Though Beatrice was directly responsible for saving thousands of children in her lifetime, and indirectly responsible for saving tens of thousands more after, I did not find evidence of a special relationship with any of them. That doesn’t mean such relationships didn’t exist; having worked on a book about another orphanage founder, Eliza Hamilton, I found it unlikely that Beatrice didn’t form an attachment to any child she rescued . . . so I decided to give her one.
MARTHE
When I first learned that Jewish children were saved at Chavaniac during the Holocaust, I was deeply moved. French Resistance fighter Charles Boissier testified that almost the whole village was pledged to the cause of opposing the Nazis. Chavaniac is a very small village, and yet maquisard Aimé Monteil—a valet at the castle who was the inspiration behind Samir Bensa?d—testified that almost sixty of these villagers fought alongside him. And in apparent defiance of Nazi occupation, the chateau issued a pamphlet saying they did not discriminate on the basis of religion.
In light of all this, I was excited to show how the work of Adrienne and Beatrice culminated in heroism at Chavaniac. Imagine my surprise, then, to discover that this most modern period at the castle was the one about which the least is discoverable. Though communications between the Free Zone and America were possible before 1942, my research uncovered complaints from the chateau’s American benefactors that they weren’t even sure the Lafayette Preventorium was still operating. There wasn’t much more information to be gleaned on the other side of the ocean. When I visited Chavaniac, guides told me castle records for the Second World War no longer exist. This was later confirmed by Myriam Waze, founder of Le Club Lafayette. Thus I was forced to rely on other sources—like Gisèle Naichouler Feldman’s touching memoir, entitled Saved by the Spirit of Lafayette.

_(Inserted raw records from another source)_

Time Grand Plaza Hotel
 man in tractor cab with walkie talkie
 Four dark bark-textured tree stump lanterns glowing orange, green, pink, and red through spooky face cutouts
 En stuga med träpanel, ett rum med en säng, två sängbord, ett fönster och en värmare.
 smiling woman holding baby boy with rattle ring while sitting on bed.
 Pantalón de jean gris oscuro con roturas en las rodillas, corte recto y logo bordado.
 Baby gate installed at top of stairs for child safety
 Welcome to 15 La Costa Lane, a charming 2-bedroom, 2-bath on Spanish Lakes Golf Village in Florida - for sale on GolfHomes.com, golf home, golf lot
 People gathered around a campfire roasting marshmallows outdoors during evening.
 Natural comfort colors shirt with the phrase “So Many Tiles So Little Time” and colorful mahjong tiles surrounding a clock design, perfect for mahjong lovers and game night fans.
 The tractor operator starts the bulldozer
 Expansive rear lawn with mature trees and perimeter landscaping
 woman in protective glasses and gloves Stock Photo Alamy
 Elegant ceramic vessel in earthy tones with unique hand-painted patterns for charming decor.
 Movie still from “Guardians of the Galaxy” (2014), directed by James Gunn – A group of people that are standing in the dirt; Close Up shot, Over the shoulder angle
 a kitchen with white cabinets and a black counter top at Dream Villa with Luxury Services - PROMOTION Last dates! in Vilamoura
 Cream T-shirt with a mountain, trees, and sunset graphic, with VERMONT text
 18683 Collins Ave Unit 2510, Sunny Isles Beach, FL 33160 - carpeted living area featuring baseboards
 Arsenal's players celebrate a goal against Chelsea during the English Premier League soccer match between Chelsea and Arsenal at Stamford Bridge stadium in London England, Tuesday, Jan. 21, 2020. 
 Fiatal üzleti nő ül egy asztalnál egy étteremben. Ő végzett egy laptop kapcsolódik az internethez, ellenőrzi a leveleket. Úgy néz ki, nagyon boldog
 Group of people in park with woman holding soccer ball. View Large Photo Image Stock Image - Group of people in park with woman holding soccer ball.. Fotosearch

Gisèle and her brother were hidden and protected at the chateau—and she recounts that an additional fifteen Jewish children were brought to the preventorium, betrayed by a supervisor, and escaped high into the mountains with the help of staff and resistance fighters. Unfortunately, this recollection does not name the persons involved in orchestrating the escape. Ms. Feldman also asserts that her brother witnessed resistance fighters storing weapons under the floorboards in the boys’ dormitory of the preventorium, but again does not say which staff members aided or abetted them. The Resistance had a friend in the aging Marie-Louise LeVerrier, whose carefully worded letters, reprinted in The Gazette of the American Friends of Lafayette, tell us about the young German soldier who was beaten to death at the train station. In another issue, Clara Greenleaf Perry reported from her correspondence with those at the chateau that the castle’s museum collection, including George Washington’s dueling pistols, were hidden from the Nazis. Yet she doesn’t say where or by whom. Resistants praised the women of Chavaniac for marching on Bastille Day in defiance of the Nazis, but didn’t name which women of the castle took part. Charles Boissier tells us a fifteen-year-old boy from the preventorium joined the Resistance, but not which one. These mysteries presented a real challenge. I had overwhelming evidence that heroic acts took place at and around Chavaniac—often by women and often in Lafayette’s name, as the true story of Lafayette’s stolen statue and the Secret Army of Lafayette attests—but I couldn’t know who the heroes and heroines were.
I did know that after the Fall of France, the Baron de LaGrange served as interim president of the preventorium, and his twenty-five-year-old daughter, Anne, took over as acting president after her father’s arrest by the Gestapo in 1943. Yet there are questions surrounding his arrest, which is commemorated by a brass plaque across from the Church of Saint-Roch. Discussions with modern-day residents of Chavaniac indicate that the baron’s reputation is complicated. It’s likely that he was not arrested for heroic resistance, but simply because he could serve as a high-status hostage. Yet in Témoignages de résistants: 1940–1945, a collection of firsthand recollections from the French Resistance—excerpts of which were generously provided to me by the United States Holocaust Memorial Museum—one resistance fighter went out of his way to say that Amaury de LaGrange was arrested by the Nazis because he refused to collaborate in connection with his aviation training school.